It was only a matter of time. Exchange-traded funds, which offer products for almost every conceivable investment niche, are now competing with hedge funds. This could be welcome news if you don’t have the big bucks normally required to invest in hedge funds and don’t want to pay their outrageous fees.
Hedge-fund ETFs don’t follow a simple formula. IndexIQ, the top sponsor of these kinds of ETFs, aims to replicate the returns of hedge funds by investing in other ETFs and futures contracts. Its IQ Hedge Multi-Strategy Tracker (symbol QAI) uses hedge-fund techniques, such as selling stocks short as well as owning them and seeking to take advantage of discrepancies in the prices of different kinds of bonds from the same issuer. IQ Hedge Macro Tracker (MCRO) tilts more toward emerging-markets stocks and will almost certainly be more volatile than the multi-strategy ETF.
The biggest ETF purveyor, iShares, has also gotten into the act. Its Diversified Alternatives Trust (ALT) holds futures contracts on commodities, currencies and interest rates, as well as on stock and bond indexes. Unlike most ETFs, Diversified Alternatives Trust is actively managed and does not track an index.
Fees for these new ETFs are either fair or high, depending on your perspective. The annual fee for the iShares ETF is 0.95%; the IQ ETFs charge 0.75%, although total costs are closer to 1.1% when you include the fees of the underlying ETFs. That’s better than the standard hedge-fund charge of 2% per year plus 20% of the gains, but a lot higher than most ETFs, some of which charge less than 0.1% annually.

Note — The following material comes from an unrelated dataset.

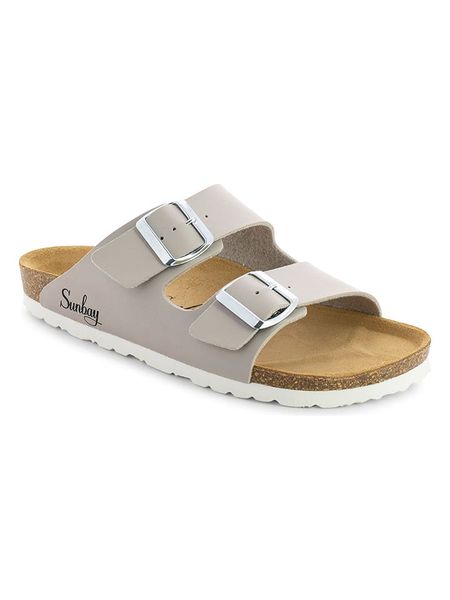 Sunbay Klapki "Trefle" w kolorze szarym rozmiar: 38. Szare klapki Sunbay, bez wzorów, z otwartym noskiem, bez obcasa. Za 126,45 zł.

Hedge-fund-mimicking ETFs are untested. The oldest fund offered by IndexIQ started in March 2009, and iShares launched its product in November. Until we see how these funds perform in different market environments, we suggest you steer clear of them. Instead, consider a seasoned hedge-fund-like mutual fund, such as Hussman Strategic Growth (HSGFX), or a merger-arbitrage fund (see How to Make Money on Mergers).